1695 Maidstone Group sixth-rate frigate

HMS Dunwich was a member of the standardized 20-gun sixth rates built at the end of the 17th century. After commissioning she spent her career mainly in Home Waters with forays to Morocco, North America and the Mediterranean. She was involved in the capture of five privateers. She was sunk as a breakwater in 1714.

Dunwich was the only vessel so named in the Royal Navy.

==Construction==
She was ordered in the Third Batch of two ships to be built under contract by William Collins & Robert Chatfield of Shoreham. She was launched on 15 October 1695. She was completed at a cost of her hull £1,625 plus £812 for fitting.

==Commissioned service==
Commissioned on 25 May 1696 under the command of Captain Nicholas Trevanion, RN she saw service in the Bristol Channel before being assigned to Norris's squadron off Newfoundland. In June 1697 Captain John Canby, RN took command remaining in Norris's squadron. On 8 October 1697 saw a new commander, Captain Tudor Trevor, RN followed by Captain Mark Noble, RN in 1698 for service in the English Channel. In February 1698 she moved on to Cadiz and the Mediterranean then moved to Sale, Morocco in 1700. In 1700 she was assigned to the British Fleet. With the death of Captain Noble on 22 March 1702, Captain William Harding, RN took command the next day on the 23rd, then participated on the attack on Cadiz with Fairbourne's squadron.

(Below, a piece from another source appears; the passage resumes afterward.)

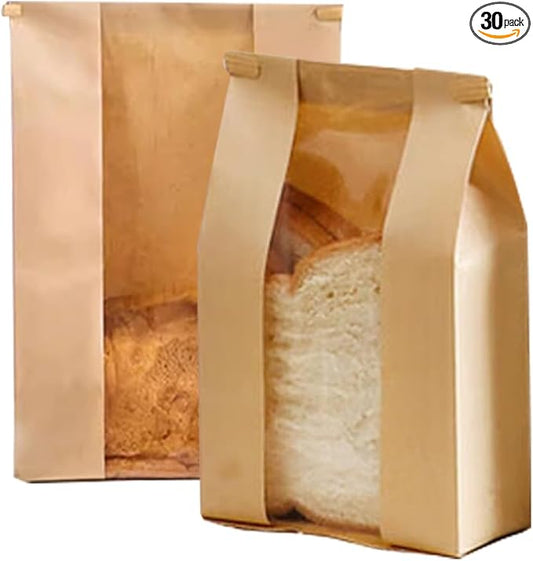 30 Pack Paper Bread Bags 13 x 8.3 x 3.5-inch Bakery Kraft Sourdough Loaf Baked Storage Bags for Homemade Bread Cookie Treat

In 1703 with Captain John Wooden, RN in command she was assigned to fisheries protection off the Sussex coast. Here she took the privateer, La Gracieuse on 7 March 1703. Captain Christopher Elliot, RN took over command on 21 March 1703 for service in Home Waters. Captain Elliot died on 27 December 1704. On 15 February 1705 Captain William Jones, RN assumed command followed by Captain George Lumley on 17 September 1706 for service in the North Sea. She took the privateer, La Roue de Fortune on 5 May 1707. In 1708 she was under the command of Commander James Stewart, RN (promoted to captain in January 1709) for service with Admiral Byng's Fleet in the Channel and North Sea. In June 1709 Captain Charles Hardy took command though in late 1709 she was under the command of Captain James Hemmington, RN. she took the privateer, Le Chasseur on 24 August 1709.In 1711 she was under the command of Commander Thomas Graves, RN (promoted to captain 1 January 1713) with the Downs Squadron. She took the privateers, Le Temeraire on 6 September 1711 and Le Saint-Jean on 29 July 1712. She was laid up at Plymouth in 1713.

==Disposition==
HMS Dunwich was sunk as a breakwater at Plymouth by Admiralty Order (AO) October 1714 on 15 October 1714.